Only the lines from the "510 Cove Rd, Canton, GA 30114 - Photo 1" line through the last line of the material below belong in the answer, reproduced exactly and with no pictures.
BEGIN
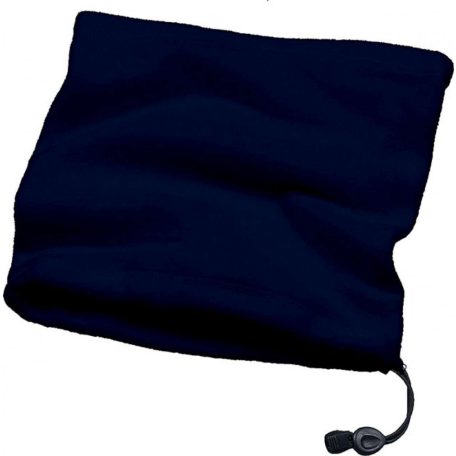 KP875 FLEECE NECKWARMER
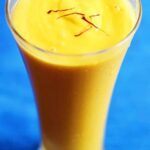 Kesar Badam Milk Hot/Cold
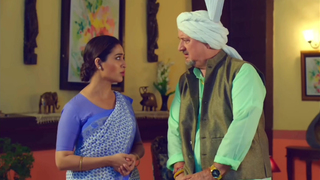 Ek akeli majboor aurat bani pure gao ki rakhel ???? scene 5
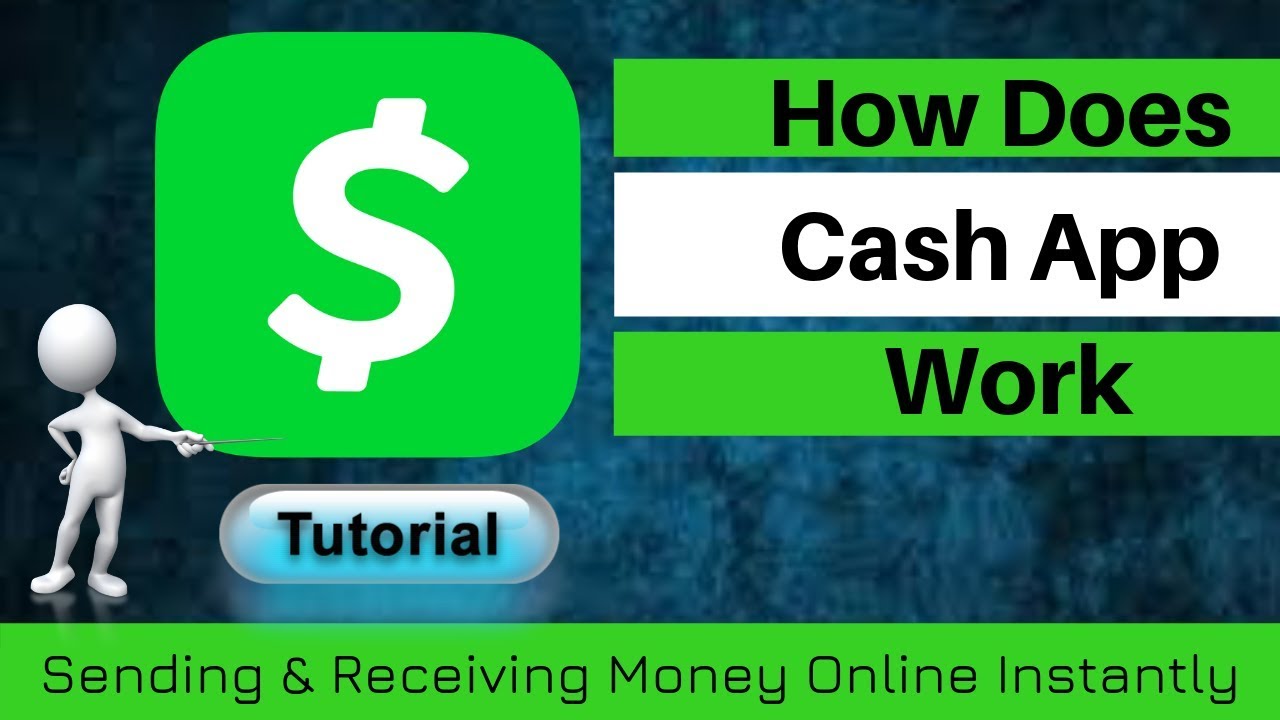 You are currently viewing What is Cash App & How Does It Work?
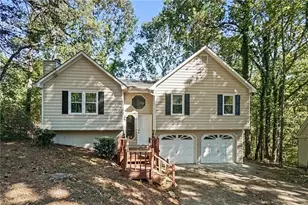 510 Cove Rd, Canton, GA 30114 - Photo 1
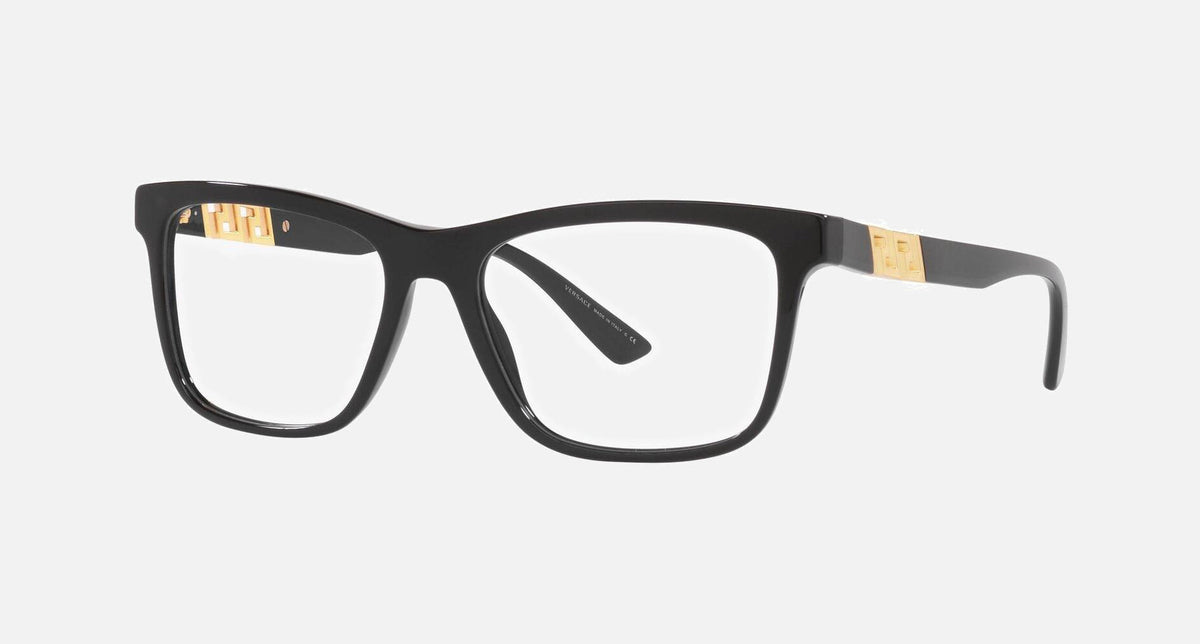 VE3319 / Black(GB1) / 53-17-145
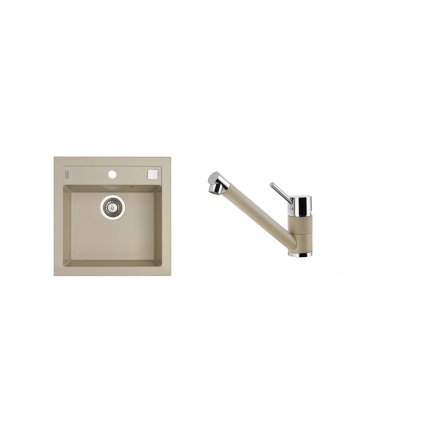 Alveus SET ALVEUS FORMIC 20/02 + BATERIE CLEO 02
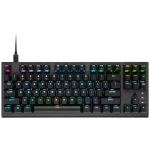 CORSAIR K60 PRO TKL RGB Tenkeyless Optical Mechanical Gaming Keyboard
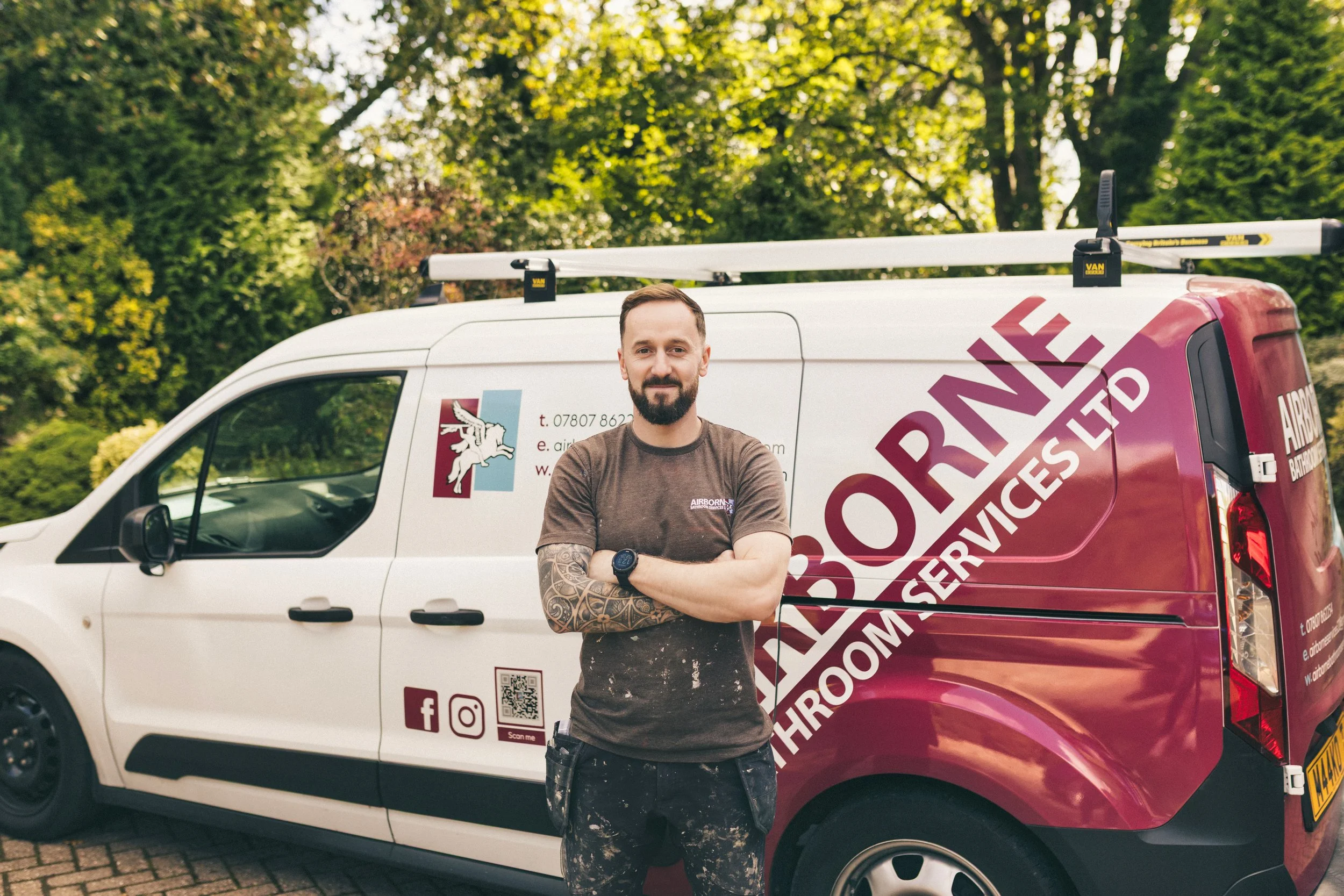 Business Photography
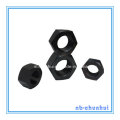 Engenharia de Máquinas Porca Quarteirão Martelo Porca Hex Nut M60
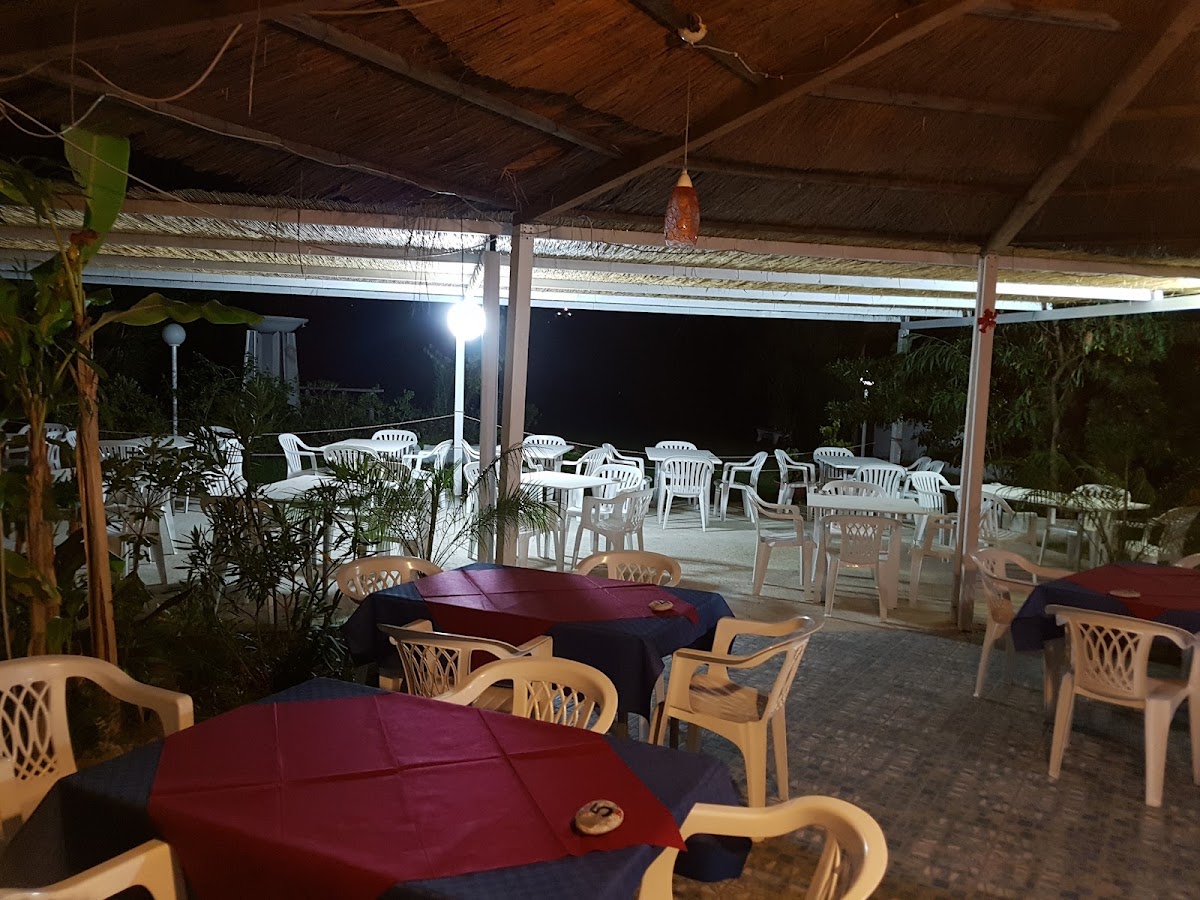 Boa Bar Beach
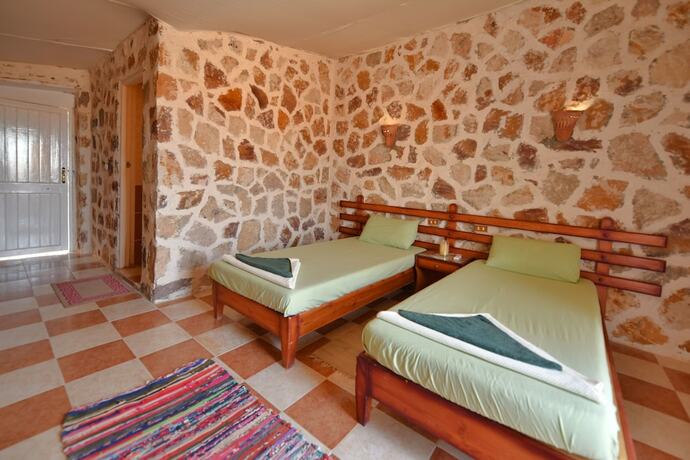 Imagen general del Hotel Ecolodge Bedouin Valley. Foto 11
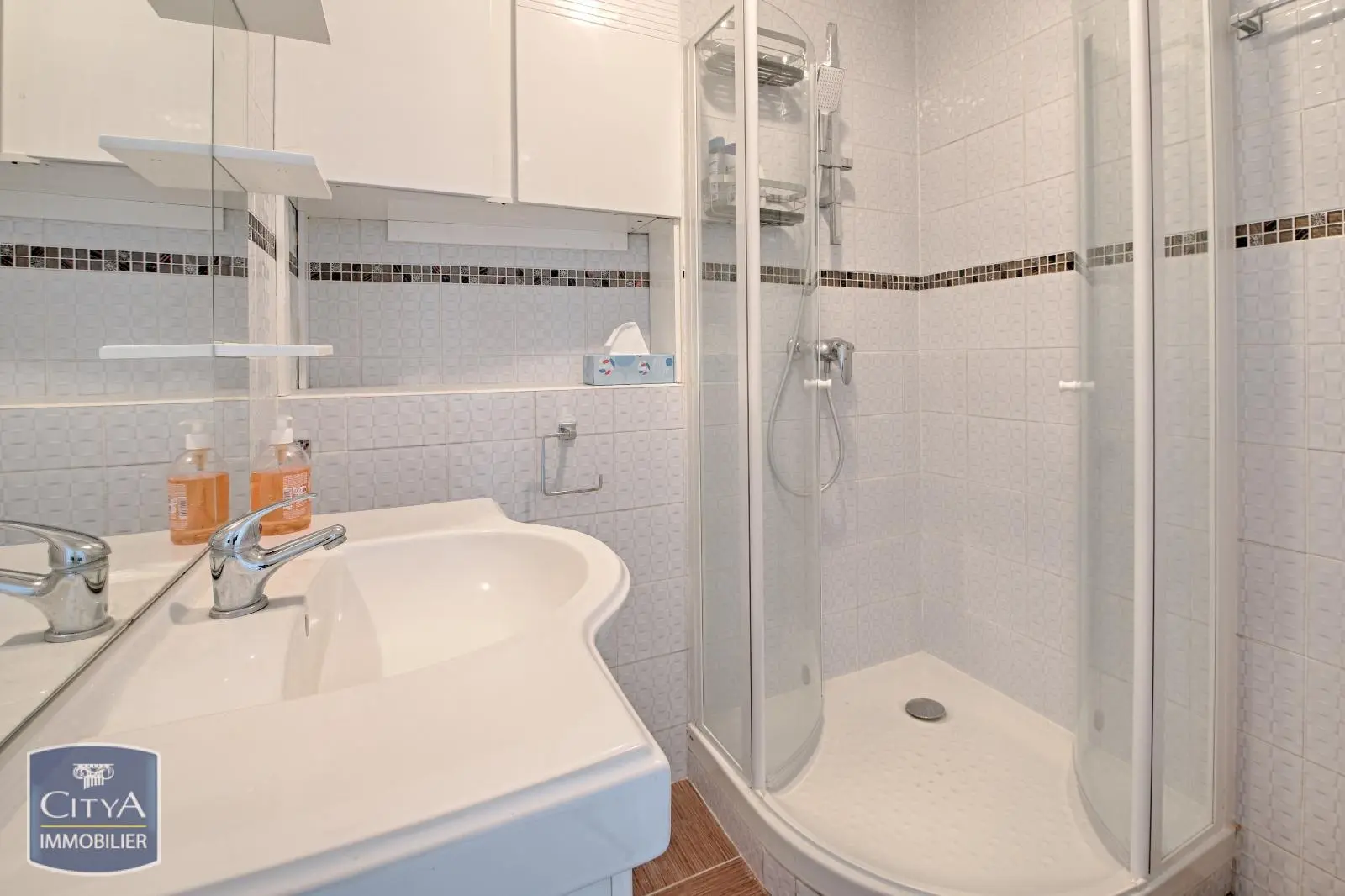 Photo 8 Appartement 3 pièces 61.08m²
END
### [Completed exercise]
 510 Cove Rd, Canton, GA 30114 - Photo 1
 VE3319 / Black(GB1) / 53-17-145
 Alveus SET ALVEUS FORMIC 20/02 + BATERIE CLEO 02
 CORSAIR K60 PRO TKL RGB Tenkeyless Optical Mechanical Gaming Keyboard
 Business Photography
 Engenharia de Máquinas Porca Quarteirão Martelo Porca Hex Nut M60
 Boa Bar Beach
 Imagen general del Hotel Ecolodge Bedouin Valley. Foto 11
 Photo 8 Appartement 3 pièces 61.08m²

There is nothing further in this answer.